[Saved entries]
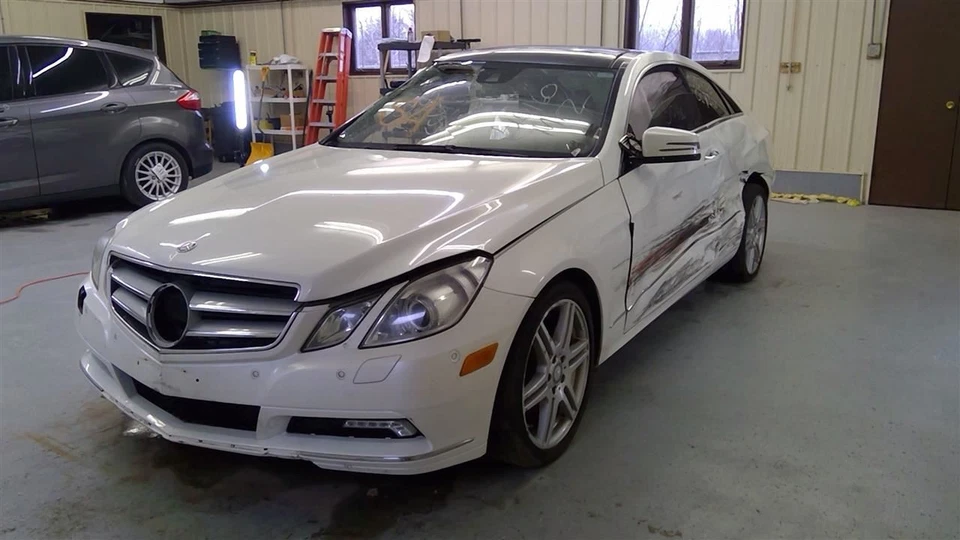 Mercedes-Benz E350 2011 Hood 212-880-01-57 7307 Foto 3 de 4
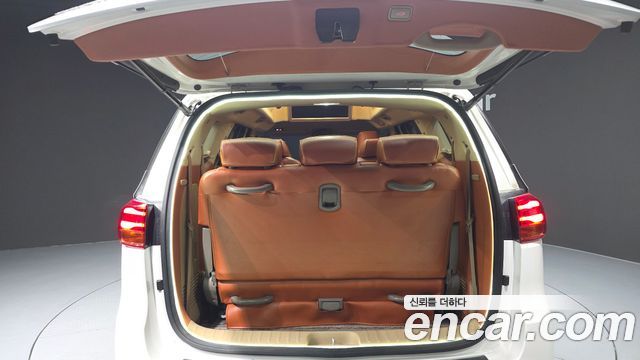 Kia Canival 2019 — photo 20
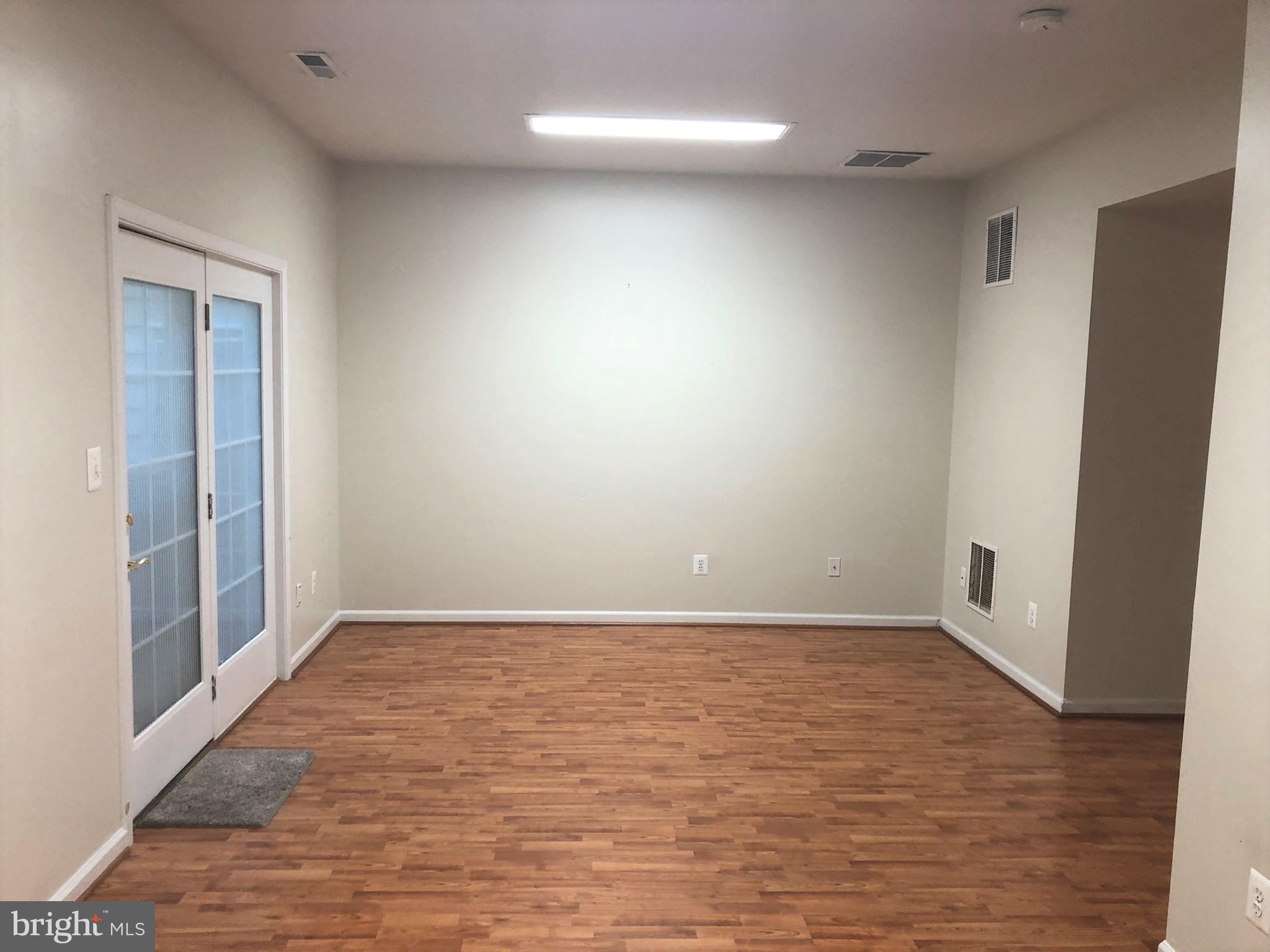 LOUDOUN VALLEY ESTATES - Residential Lease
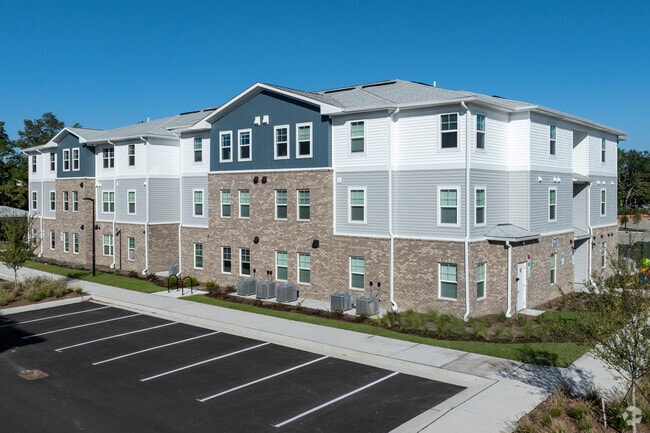 Foto del edificio - Starway Village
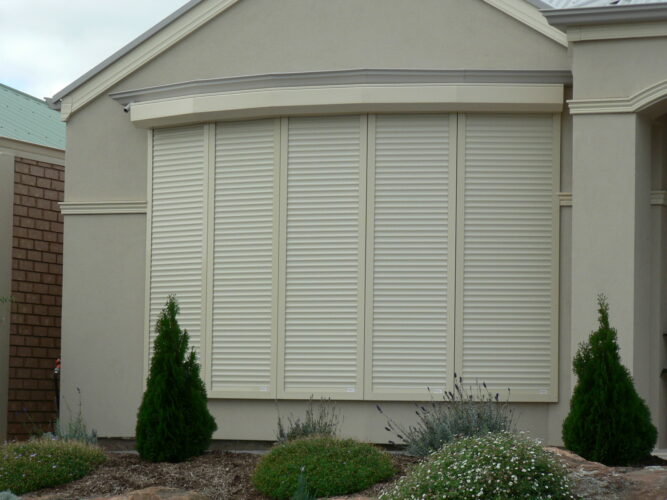 roller shutter insulation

- **EXERCISE DETAILS**
Set down each of the records precisely, leaving any pictures behind.

- **ANSWER FOR THE TASK**
 Mercedes-Benz E350 2011 Hood 212-880-01-57 7307 Foto 3 de 4
 Kia Canival 2019 — photo 20
 LOUDOUN VALLEY ESTATES - Residential Lease
 Foto del edificio - Starway Village
 roller shutter insulation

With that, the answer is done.